[Stored dataset items]
== == ==
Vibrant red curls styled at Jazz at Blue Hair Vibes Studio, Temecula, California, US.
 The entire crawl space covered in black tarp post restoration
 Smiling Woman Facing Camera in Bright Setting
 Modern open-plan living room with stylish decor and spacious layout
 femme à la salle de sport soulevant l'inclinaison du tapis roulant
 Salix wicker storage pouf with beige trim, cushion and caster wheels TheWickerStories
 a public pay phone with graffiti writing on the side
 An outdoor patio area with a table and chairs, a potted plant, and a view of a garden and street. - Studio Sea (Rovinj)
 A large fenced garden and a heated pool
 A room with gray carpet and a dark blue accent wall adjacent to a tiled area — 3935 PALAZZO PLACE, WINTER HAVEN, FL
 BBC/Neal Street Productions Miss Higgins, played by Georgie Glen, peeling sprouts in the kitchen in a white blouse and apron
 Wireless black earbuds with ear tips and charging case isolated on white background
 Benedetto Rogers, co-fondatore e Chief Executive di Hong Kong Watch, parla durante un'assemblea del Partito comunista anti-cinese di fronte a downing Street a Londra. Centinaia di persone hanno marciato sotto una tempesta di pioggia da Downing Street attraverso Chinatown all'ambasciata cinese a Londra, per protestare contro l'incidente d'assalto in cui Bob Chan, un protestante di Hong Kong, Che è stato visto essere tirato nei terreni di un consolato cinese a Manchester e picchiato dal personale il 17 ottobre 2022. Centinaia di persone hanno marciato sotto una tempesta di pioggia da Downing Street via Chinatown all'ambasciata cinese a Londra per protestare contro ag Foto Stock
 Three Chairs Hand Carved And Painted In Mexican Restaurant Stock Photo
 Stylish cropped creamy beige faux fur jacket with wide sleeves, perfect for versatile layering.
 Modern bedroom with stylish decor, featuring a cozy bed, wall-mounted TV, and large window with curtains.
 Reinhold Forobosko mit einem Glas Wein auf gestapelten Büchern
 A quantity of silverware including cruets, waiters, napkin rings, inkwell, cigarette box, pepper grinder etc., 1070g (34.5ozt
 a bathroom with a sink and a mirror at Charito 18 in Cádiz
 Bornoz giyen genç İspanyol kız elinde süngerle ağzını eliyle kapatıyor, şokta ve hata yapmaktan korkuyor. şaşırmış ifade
== == ==
YOUR OBJECTIVE: Filter the records above for lines containing the word "area", and copy those lines.

OUTPUT FOR THIS TASK:
 An outdoor patio area with a table and chairs, a potted plant, and a view of a garden and street. - Studio Sea (Rovinj)
 A room with gray carpet and a dark blue accent wall adjacent to a tiled area — 3935 PALAZZO PLACE, WINTER HAVEN, FL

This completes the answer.